My 3-year old laptop has on board Intel Graphics and a separate AMD 460 2 GB GPU. I just realized that the AMD was never being used – the drivers were not installed properly or something. Anyway, I now have the latest AMD drivers properly installed. My question is – does the laptop automatically switch now to the AMD for higher end graphics or do I manually do that? How can I tell which GPU is being used? Do I need to go into the BIOS?

If you’re running Windows 10, the system will make use of both:

  • Assuming the drivers are WDDM 2.0-compatible (and I can’t imagine latest AMD not being) in task manager there’s a column “GPU Engine” which tells you which GPU is being used by a specific app.
  • To figure out which is “GPU 0”, "GPU 1"m etc., on the “performance” tab there’ll be a row for each GPU, with the name of the device.

I am on Win 10, so thanks. This is very helpful.

Laptop gpus ahhh! The driver is supposed to kick gpu on. Some small Indy games don’t make the list and you have to manually add the entry.

Nvidia has an option to show a system tray icon if gpu is on, check if AMD has that option.

Win 10 since build 17093 has new options in Settings > System > Display > “Graphics settings” link to set which GPU will be used by a program. I use that on my laptop with Intel integrated and nVidia Quadro graphics to force games to use the Quadro.

Is this a laptop-only thing? Or can desktops take advantage of this too?

Thanks, that article, like this forum, is super helpful. I now know who to check to see which games are using the Radeon and how to force its use by those that are not.

And it only took me three years of using this laptop to even notice the problem!

Windows won’t care and probably won’t know what type of box the hardware is in. If a desktop has both integrated GPU and discrete then the same steps should apply.

I lurked Qt3 for years. I finally signed up because I knew the answer to a question in Hardware… but by the time I finished registration someone else had already answered it. So much for my first post!

Does it matter if I have a separate monitor attached to each GPU?

Should I plug both monitors into the same GPU instead?

Does this feature only work with one monitor instead of two?

I haven’t done much gaming on my laptop while multiple monitors are connected. Best thing is to try it out and see what happens.

On my system, the “Power Saving GPU” and the “High Performance GPU” are the same (external) GPU, so I am unable to switch between them.


Okay, just picked up my first gaming laptop in many years – thanks, Best Buy 10% birthday discount!

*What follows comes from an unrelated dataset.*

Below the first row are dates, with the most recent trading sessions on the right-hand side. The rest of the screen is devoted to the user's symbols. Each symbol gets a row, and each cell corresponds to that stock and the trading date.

It has an RTX 3060… Hoped for a 3070, but the model I wanted (Asus Zephyrus M16) is currently only available with the 3060 and MSFS is pretty much CPU-bound on laptops anyway. And price was pretty awesome for a Core i9 with a 19:10 2560x1600 screen. (I’ll game at 1920x1200, but the extra res will be nice for the work I’ll do on it.) Plus, second open M.2 slot so I can add ROOM to install MSFS. :)

So, my question: Nowadays, you can update your video driver directly from Nvidia, right? The bad old days of requiring custom video drivers from your laptop manufacturer are long past, right?

That hasn’t been a problem for many years. Probably about the time you got rid of your old gaming laptop.

Laptops do this because of the battery power settings and usage. In your laptops power settings you can designate which video it uses for which profile. This is meant to save battery life as you do not necessarily need high-end video for most common uses such as web-browsing or typing a document. In a desktop there is usually a bios setting where you can force the PC to use a specific video at boot. This is usually on systems that have PCIE/integrated. Some older systems might even have the option to choose between AGP or PCIE, obviously one is better than the other, but nonetheless there may be a setting for it. Hope this helps

That’s some helpful context, and a cool user name. Welcome to the forum!